Ontario MPP
- In office 1886–1894
- Preceded by: New riding
- Succeeded by: John Hilliard Carnegie
- Constituency: Victoria East
- In office 1883–1886
- Preceded by: Samuel Stanley Peck
- Succeeded by: Riding abolished
- Constituency: Victoria North

Personal details
- Born: January 21, 1819 Ingleby Greenhow, Yorkshire, England
- Died: February 5, 1901 (aged 82) Somerville Township, Victoria County, Ontario
- Party: Conservative
- Spouse: Jane Carling ​(m. 1842)​
- Occupation: Farmer

= John Fell (Canadian politician) =

Canadian politician

John Fell (January 21, 1819 - February 5, 1901) was an Ontario businessman, farmer and political figure. He represented Victoria North from 1883 to 1890 as a Conservative member.

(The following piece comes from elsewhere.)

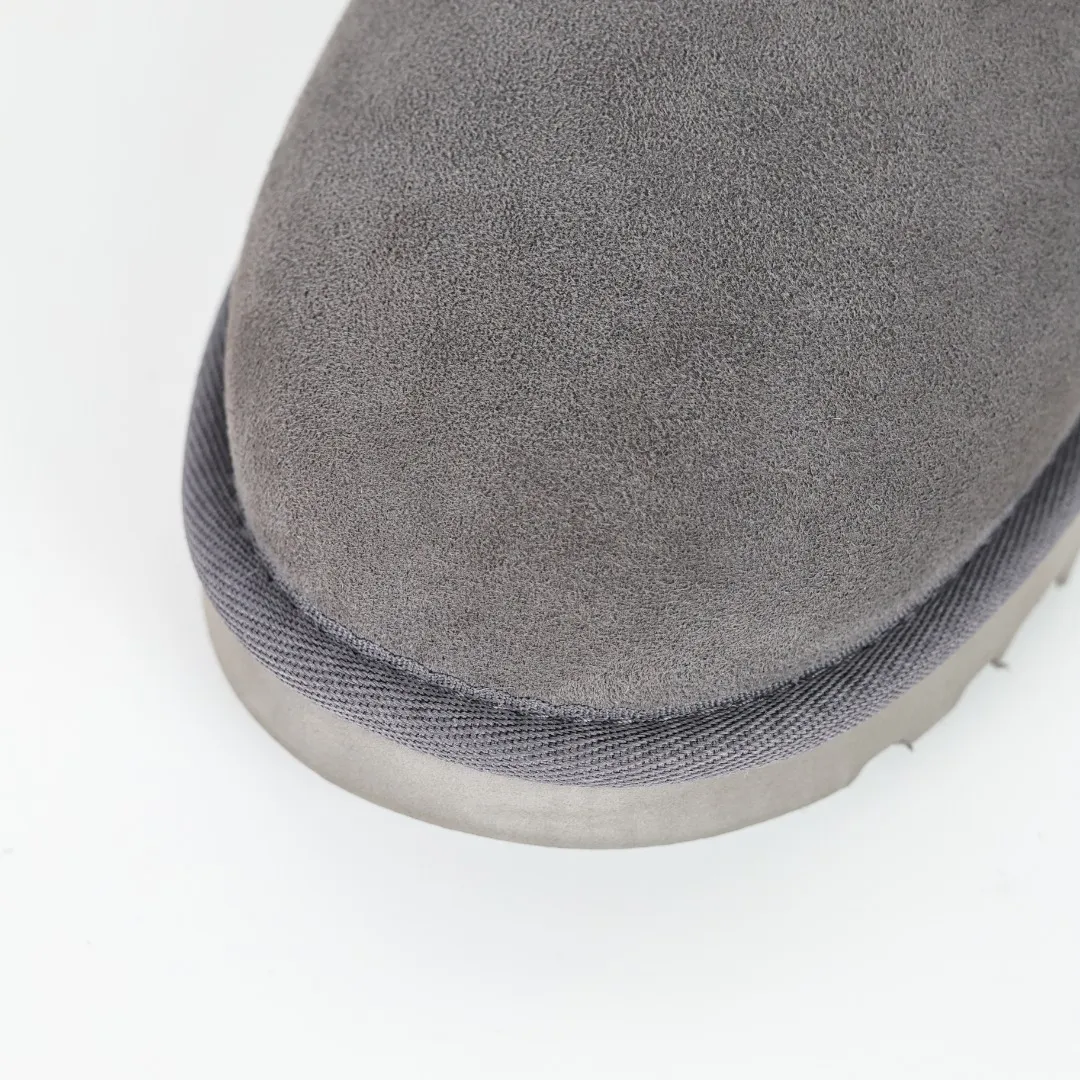 Pick up locally 💰600 Core recommended good price Independently developed original outsole and cashmere insole to keep you warm in winter and suitable for home use. In the new year, uug launched a style series, which is partially geared towards the preferences of young consumers and has also moved to the forefront of fashion trends. Shoe body material Water-repellent coated suede upper 17 mm UGGPURE™ implanted wool insole Lightweight non-slip comfortable rubber outsole With brand LOGO trademark Comes with a full set of packaging Size: 35 36 37 38 39 40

He was born in Ingleby Greenhow, Yorkshire, England in 1819, the son of a farmer, and grew up there. He married Jane Carling in 1842 Fell came to Durham County, Canada West in 1854. He first settled at Cavan but moved to Somerville Township in 1860. He operated a sawmill and shingle mill. Fell was reeve of Somerville and warden for Victoria County. He also served as postmaster for Bury's Green. He ran unsuccessfully in Victoria North in 1879.